NS_IMPL_CYCLE_COLLECTION_WRAPPERCACHE(MatchPattern, mPath, mParent)

NS_INTERFACE_MAP_BEGIN_CYCLE_COLLECTION(MatchPattern)
  NS_WRAPPERCACHE_INTERFACE_MAP_ENTRY
  NS_INTERFACE_MAP_ENTRY(nsISupports)
NS_INTERFACE_MAP_END

NS_IMPL_CYCLE_COLLECTING_ADDREF(MatchPattern)
NS_IMPL_CYCLE_COLLECTING_RELEASE(MatchPattern)
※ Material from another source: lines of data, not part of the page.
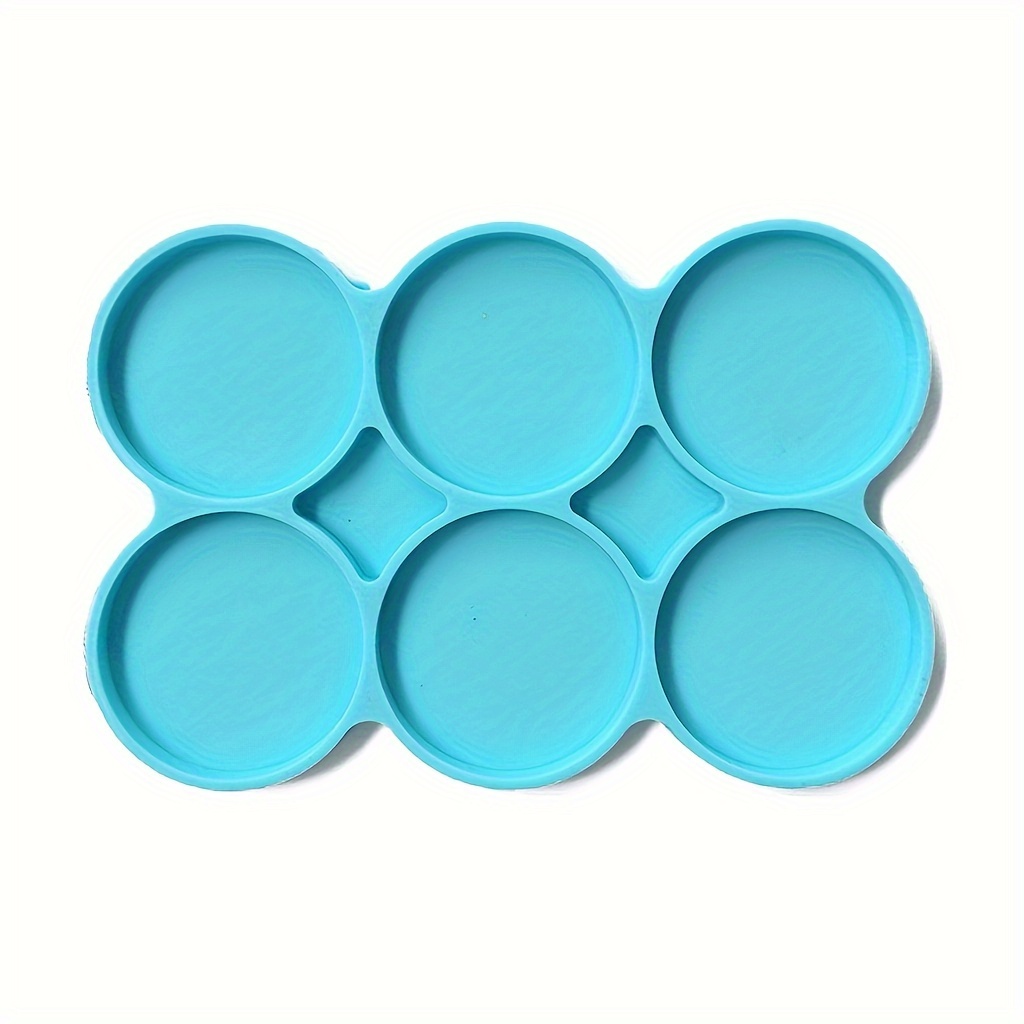 Round Silicone Cake Molds, 6 Pack Non-Stick Silicone Mold For Baking,  Cakes, Muffins And Resin Coasters - 4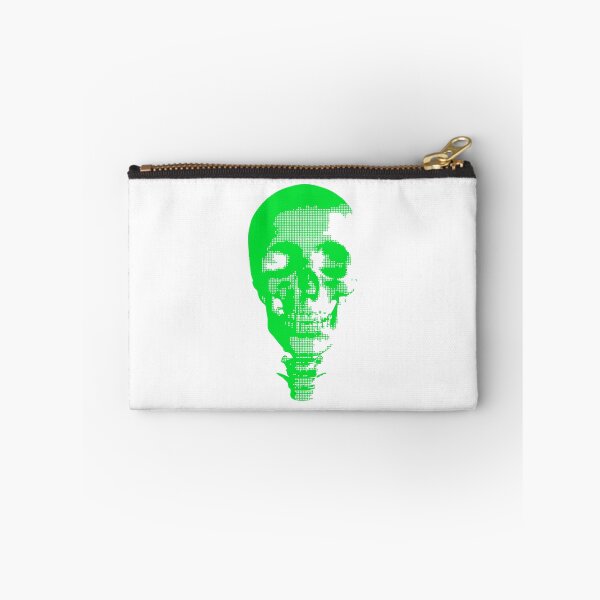 Item preview, Pixelated Green Skull designed and sold by KTSubz Faith & Fun Designs.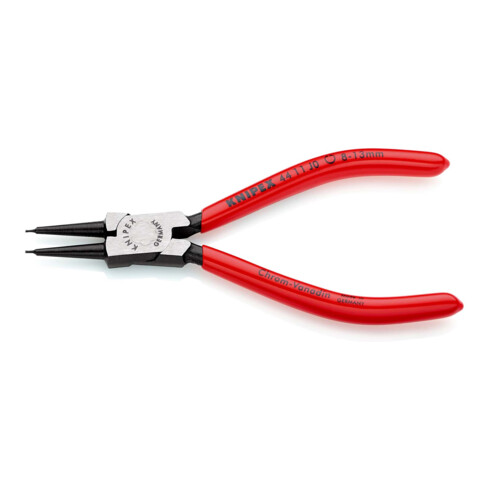 KNIPEX Pinza per anelli di sicurezza interni a fori 44 11 J0 bonderizzata nera, 140mm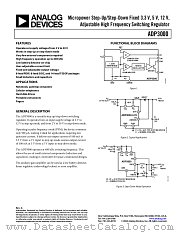 ADP3000AR-3.3-REEL datasheet pdf Analog Devices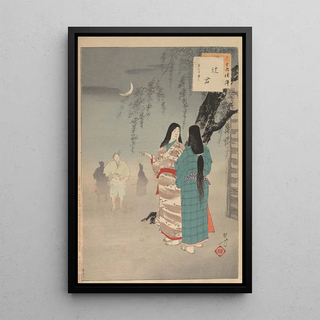 Toshikata Mizuno - Noblewomen of the Tokugawa Period Thirtysix Beauties Sanjuroko kasensoro Pl29.webp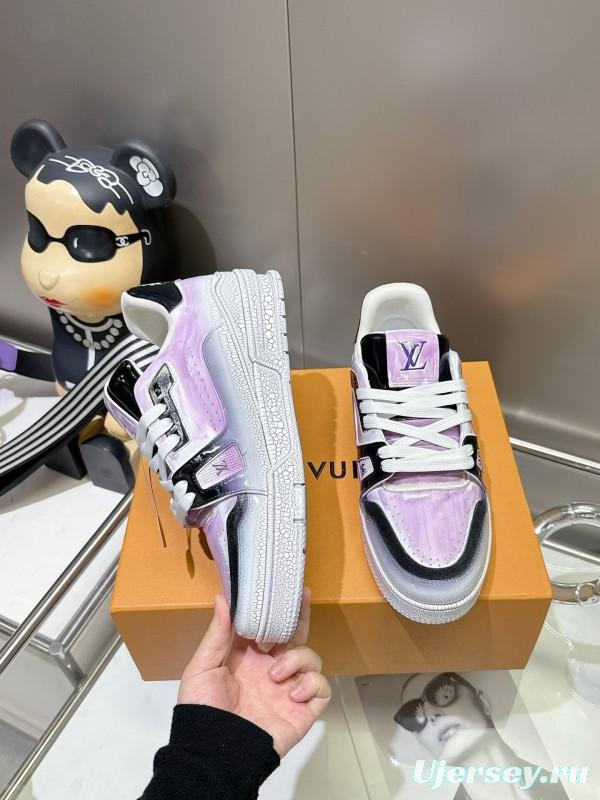 Louis Vuitton Trainer Basketball Series Cracked Ice Glue Process Sneakers - LY00490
/*****************************************************************************
 * MatchPatternSet
 *****************************************************************************/

/* static */ already_AddRefed<MatchPatternSet>
MatchPatternSet::Constructor(dom::GlobalObject& aGlobal,
                             const nsTArray<dom::OwningStringOrMatchPattern>& aPatterns,
                             const MatchPatternOptions& aOptions,
                             ErrorResult& aRv)
{
  ArrayType patterns;

  for (auto& elem : aPatterns) {
    if (elem.IsMatchPattern()) {
      patterns.AppendElement(elem.GetAsMatchPattern());
    } else {
      RefPtr<MatchPattern> pattern = MatchPattern::Constructor(
        aGlobal, elem.GetAsString(), aOptions, aRv);

      if (!pattern) {
        return nullptr;
      }
      patterns.AppendElement(Move(pattern));
    }
  }

  RefPtr<MatchPatternSet> patternSet = new MatchPatternSet(aGlobal.GetAsSupports(),
                                                           Move(patterns));
  return patternSet.forget();
}


bool
MatchPatternSet::Matches(const nsAString& aURL, bool aExplicit, ErrorResult& aRv) const
{
  nsCOMPtr<nsIURI> uri;
  nsresult rv = NS_NewURI(getter_AddRefs(uri), aURL, nullptr, nullptr);
  if (NS_FAILED(rv)) {
    aRv.Throw(rv);
    return false;
  }

  return Matches(uri.get(), aExplicit);
}

bool
MatchPatternSet::Matches(const URLInfo& aURL, bool aExplicit) const
{
  for (const auto& pattern : mPatterns) {
    if (pattern->Matches(aURL, aExplicit)) {
      return true;
    }
  }
  return false;
}

bool
MatchPatternSet::MatchesCookie(const CookieInfo& aCookie) const
{
  for (const auto& pattern : mPatterns) {
    if (pattern->MatchesCookie(aCookie)) {
      return true;
    }
  }
  return false;
}

bool
MatchPatternSet::Subsumes(const MatchPattern& aPattern) const
{
  for (const auto& pattern : mPatterns) {
    if (pattern->Subsumes(aPattern)) {
      return true;
    }
  }
  return false;
}

bool
MatchPatternSet::Overlaps(const MatchPatternSet& aPatternSet) const
{
  for (const auto& pattern : aPatternSet.mPatterns) {
    if (Overlaps(*pattern)) {
      return true;
    }
  }
  return false;
}

bool
MatchPatternSet::Overlaps(const MatchPattern& aPattern) const
{
  for (const auto& pattern : mPatterns) {
    if (pattern->Overlaps(aPattern)) {
      return true;
    }
  }
  return false;
}


bool
MatchPatternSet::OverlapsAll(const MatchPatternSet& aPatternSet) const
{
  for (const auto& pattern : aPatternSet.mPatterns) {
    if (!Overlaps(*pattern)) {
      return false;
    }
  }
  return aPatternSet.mPatterns.Length() > 0;
}


JSObject*
MatchPatternSet::WrapObject(JSContext* aCx, JS::HandleObject aGivenProto)
{
  return MatchPatternSetBinding::Wrap(aCx, this, aGivenProto);
}


NS_IMPL_CYCLE_COLLECTION_WRAPPERCACHE(MatchPatternSet, mPatterns, mParent)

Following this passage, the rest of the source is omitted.